The main reason your customers follow you on Twitter is to get to know your destination better. When DMOs share off-topic or low-quality tweets — such as political opinions or purely promotional tweets — they’re guilty of cluttering their followers’ feeds with content they don’t care about.
To keep your followers happy and inspire brand loyalty, reward them with the relevant, high-quality content they want and deserve.
5 | Haphazard #Hashtags
When it comes to Twitter hashtags, it can be easy to get carried away – especially when you’re trying to grow your audience. However, stuffing your tweets with too many hashtags is a quick way to drown out your main message.
So it’s important to develop a hashtag strategy as part of your social media marketing plan. You can “claim” a hashtag by using it consistently and encouraging followers to do the same. Check out Visit Loudoun and Ottawa Tourism below:
Adopt relevant hashtags already being used by visitors and locals, and be consistent!
Bonus Tip: Always do some background research when adopting a new hashtag, since using a phrase associated with another cause can lead to some awkward (or offensive) situations.
6 | Not Enough Visual Content
Creating and curating high-quality images key to catching eyes on Twitter. This Twitter blunder is a huge missed opportunity, since visual content is 40X more likely to get shared on social media.

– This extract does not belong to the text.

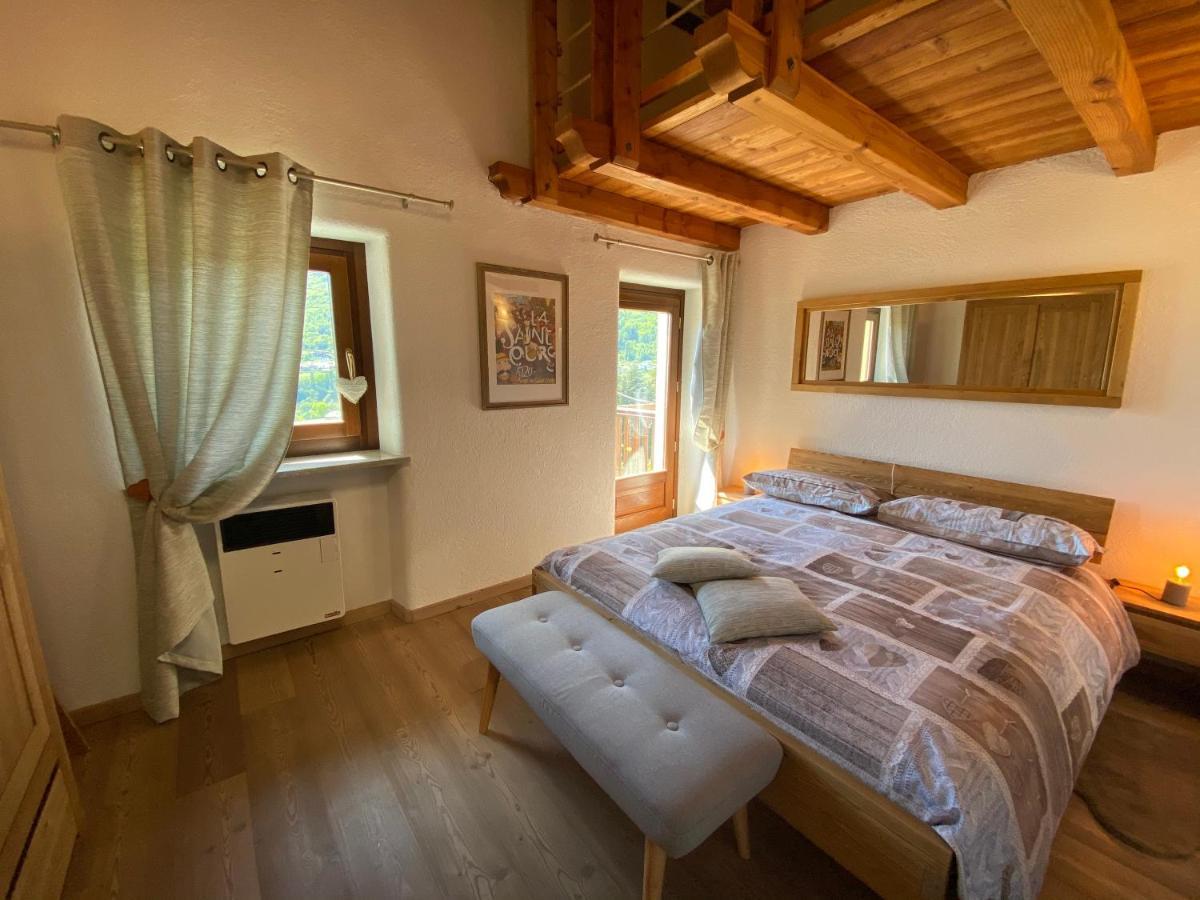 Apartamento Grenier Du Coeur Aosta Exterior foto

After all, a picture’s worth a thousand words, which is pretty good value against Twitter’s 140-character limit! Plus, images, gifs, and video content prevent your Twitter page from becoming a wall of text.
Don’t know what to post? Easy fix is to retweet or share a visitor photo:
Enjoying fall in the San Juans.
— Visit Durango (@VisitDurango) October 21, 2016
7 | Failure to Engage the Community
One of the most serious Twitter offences is ignoring your followers.
Simply having a social media account doesn’t make a DMO social. Twitter is designed for short, frequent interactions, so be sure to re-tweet fan photos, “like” interesting comments, and reply to any tweets that come your way.
Engaging with your Twitter audience reminds fans that you care and strengthens the sense of community associated with your destination. Your followers will appreciate the extra thoughtfulness of any time spent crafting a personal response.
Bonus Tip: When beginning a tweet with a Twitter handle, add a period before the @ symbol – otherwise it will only be visible to the person you’re mentioning.
8 | Not Experimenting with Twitter Moments
Twitter’s newest feature, Moments presents another way for DMOs to use user-generated content to boost brand presence. Creating and sharing a Moment allows you to tell a story using a curated collection of tweets.
Think of Moments like a communal album that salutes an experience your followers might want to revisit. But in this case, the album can include a range of visual content of different types, including images, tweets, gifs, videos, or vines.
Moments are the perfect way to recap a local event, highlight a popular tourist activity, or show off the best content posted by travellers.